§ **Exercise details**
Each record should be given again exactly, and any picture in it left out.

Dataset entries
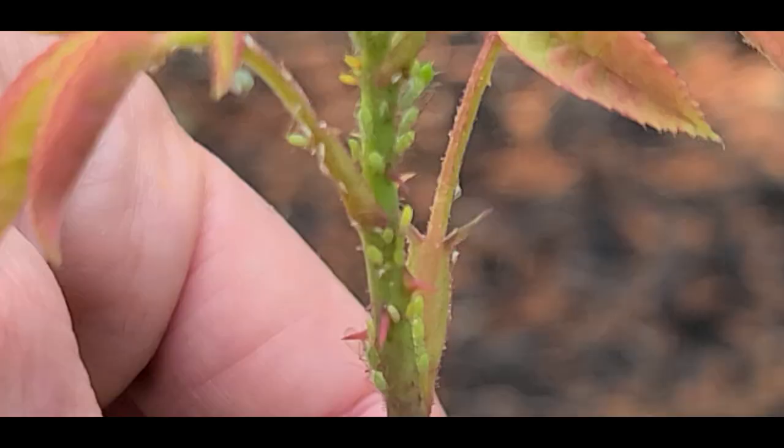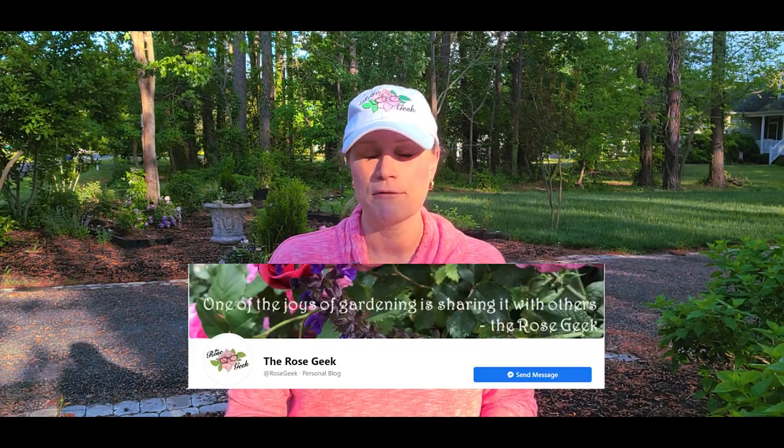I went ahead and I zoomed in on my current aphid situation so that you know what you're looking for. They are soft-bodied, which means they die very easily, and they're green in color. The adults, when they get their wings, they are darker in color, and I don't have any of those on right now. I'll see if I can get some pictures in the future and pop it up to my Facebook page.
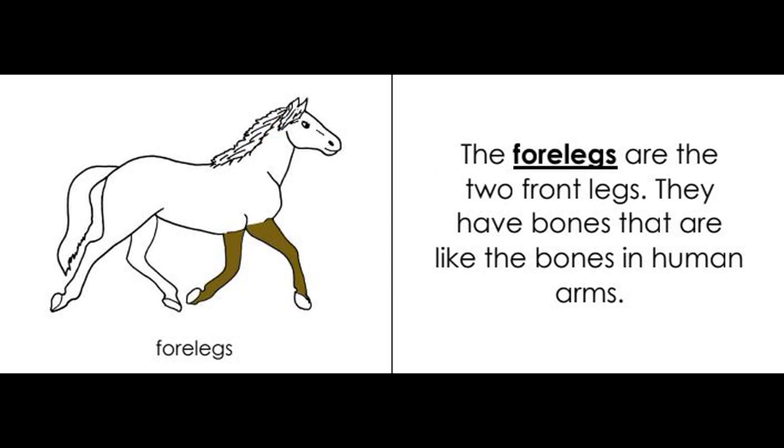Forelegs. The forelegs are the two front legs. They have bones that are like the bones in human arms.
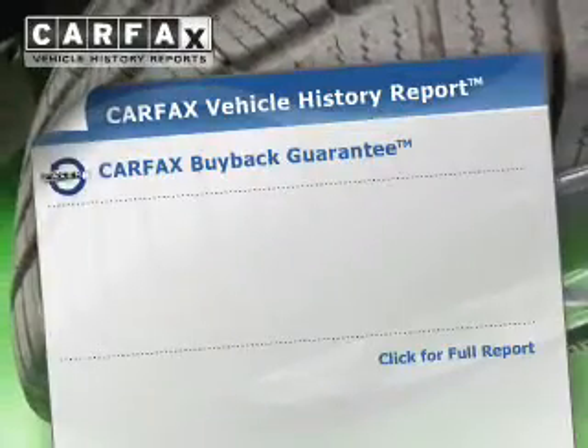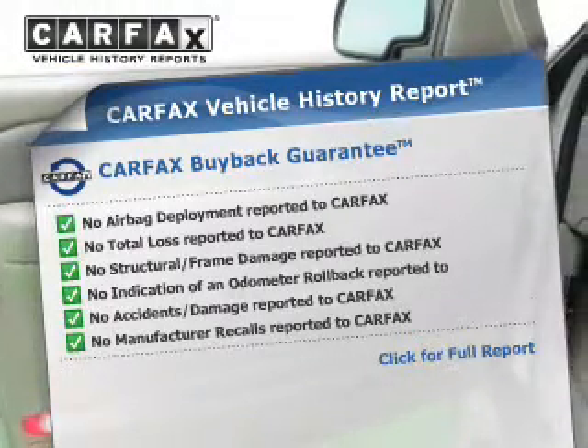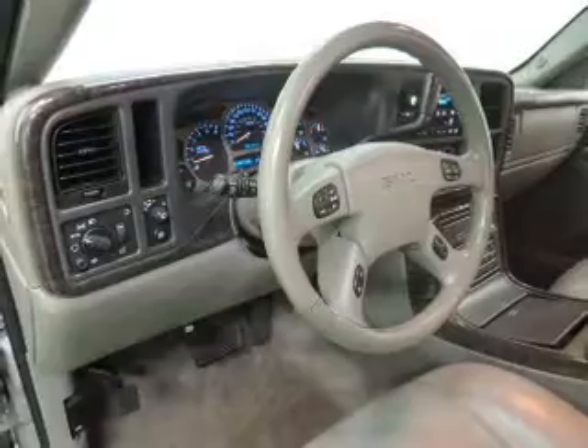Rest easy knowing this vehicle comes with a Carfax Vehicle History Report from Carfax, the most trusted provider of vehicle history information. Great quality at a great price. Call or click to contact us today.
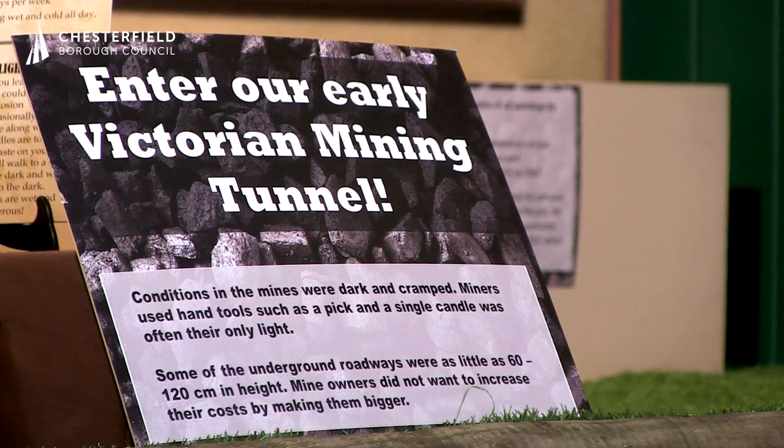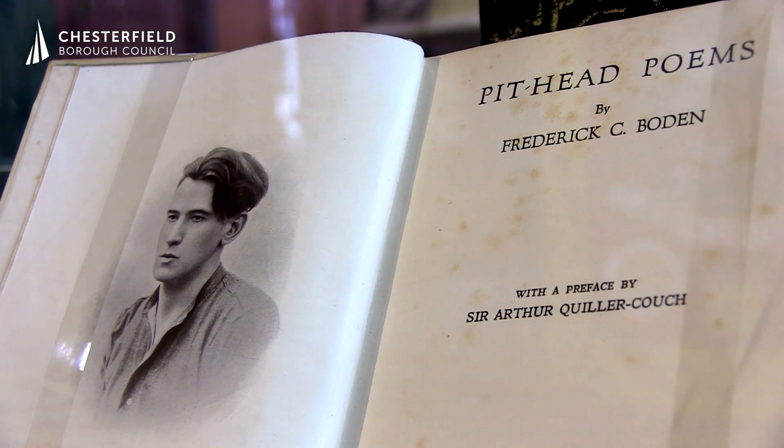The highlight being a Victorian mining tunnel that you can crawl through and just see the small spaces that people used to work in.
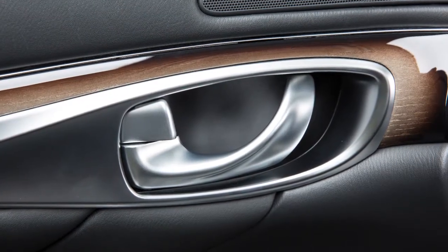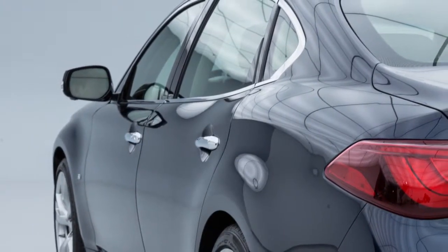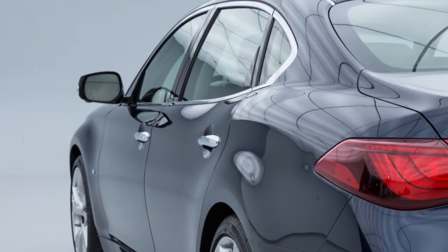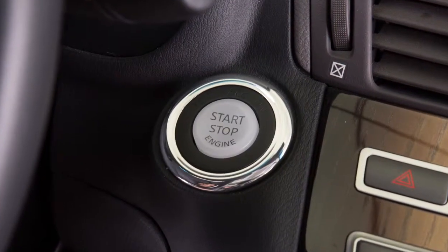Your vehicle is equipped with automatic door locks. All doors lock automatically when the vehicle speed reaches approximately 15 miles per hour and unlock when the ignition is placed in the off position.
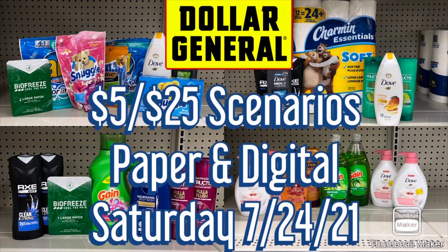Hi guys, welcome back to my channel. So with all of the instant savings and these new coupons that we just got, I'm doing a different video this week. I have six different scenarios for you for Saturday using the $5 off $25. This is mixed with paper and digital coupons. There's so many amazing deals — I felt the need to post this video for you guys. I will be doing my all-digital scenarios tomorrow like I normally do on a Wednesday, but I wanted to put this out there. So let's get started.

§ **Exercise response**
I went ahead and I zoomed in on my current aphid situation so that you know what you're looking for. They are soft-bodied, which means they die very easily, and they're green in color. The adults, when they get their wings, they are darker in color, and I don't have any of those on right now. I'll see if I can get some pictures in the future and pop it up to my Facebook page.
Forelegs. The forelegs are the two front legs. They have bones that are like the bones in human arms.
Rest easy knowing this vehicle comes with a Carfax Vehicle History Report from Carfax, the most trusted provider of vehicle history information. Great quality at a great price. Call or click to contact us today.
The highlight being a Victorian mining tunnel that you can crawl through and just see the small spaces that people used to work in.
Your vehicle is equipped with automatic door locks. All doors lock automatically when the vehicle speed reaches approximately 15 miles per hour and unlock when the ignition is placed in the off position.
Hi guys, welcome back to my channel. So with all of the instant savings and these new coupons that we just got, I'm doing a different video this week. I have six different scenarios for you for Saturday using the $5 off $25. This is mixed with paper and digital coupons. There's so many amazing deals — I felt the need to post this video for you guys. I will be doing my all-digital scenarios tomorrow like I normally do on a Wednesday, but I wanted to put this out there. So let's get started.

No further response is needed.